▶ **Task instructions**: Restate each entry below exactly; pictures stay out of the copy.

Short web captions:
■ ■ ■

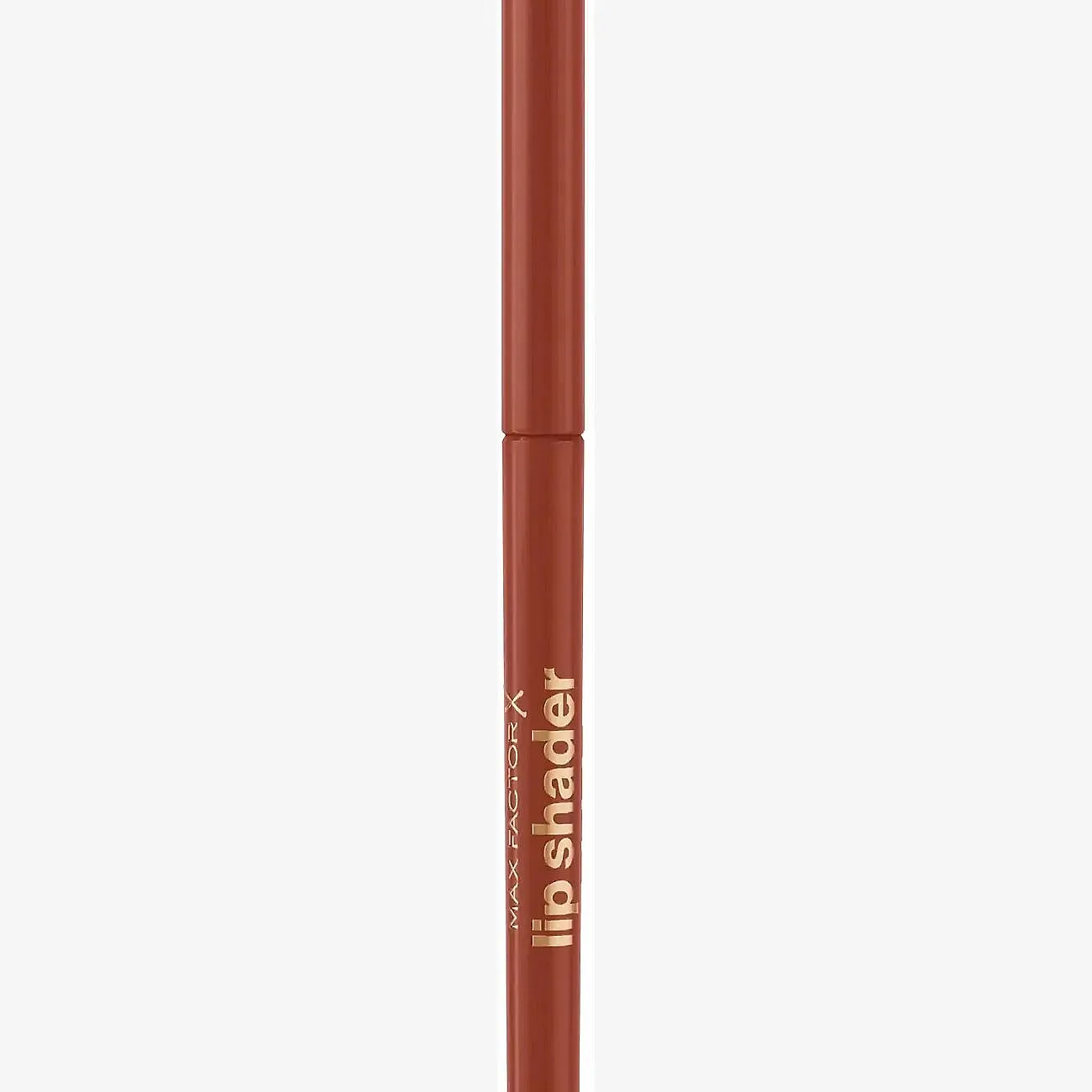Max Factor 2000 Calorie Lip Shader Lipliner og læbeblyant Skygge 060 Coffee Blend 0.35 ml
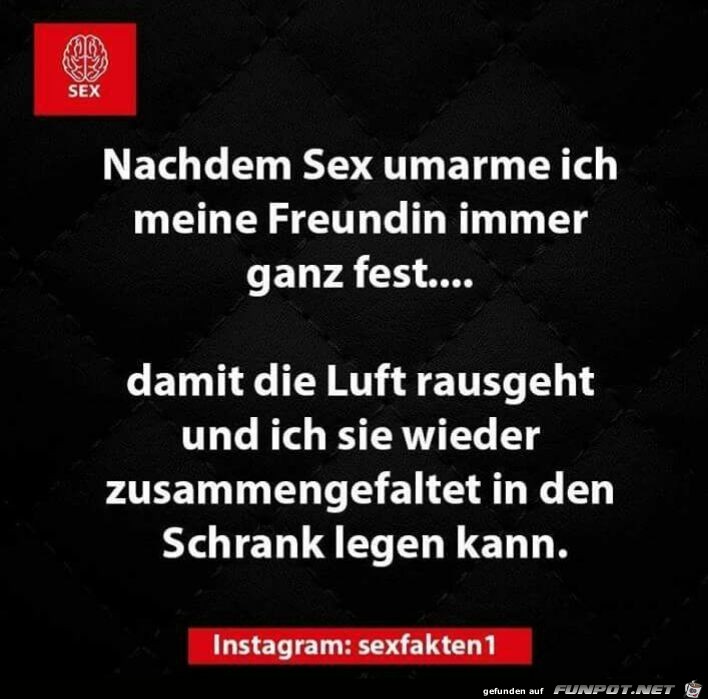 Danach Danach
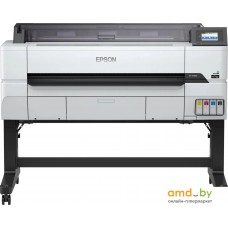 Плоттер Epson SureColor SC-T5405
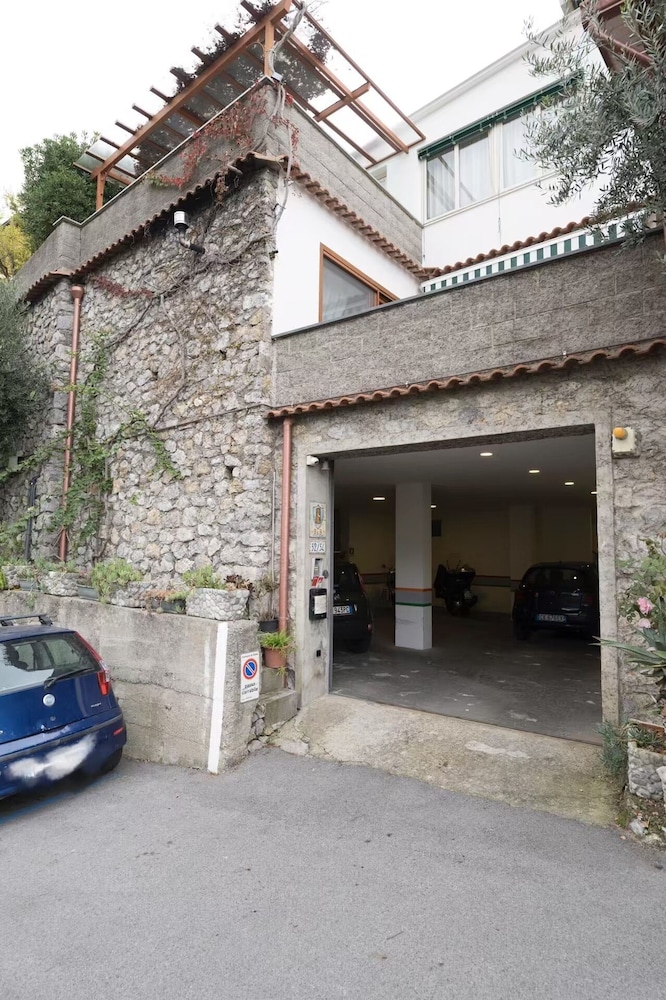 dinta torre bed and breakfast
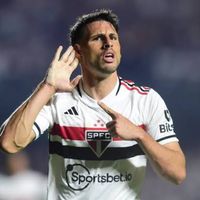 spfc_pr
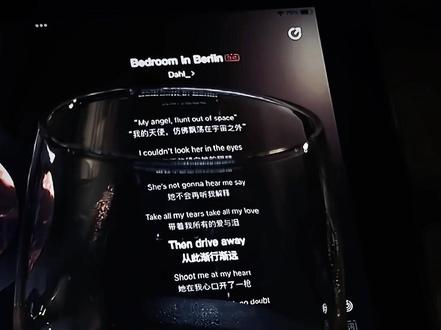 hush。@矢木林. #hush#hushby响耳#小说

■ ■ ■

▶ **Exercise output**:
Max Factor 2000 Calorie Lip Shader Lipliner og læbeblyant Skygge 060 Coffee Blend 0.35 ml
 Danach Danach
 Плоттер Epson SureColor SC-T5405
 dinta torre bed and breakfast
 spfc_pr
 hush。@矢木林. #hush#hushby响耳#小说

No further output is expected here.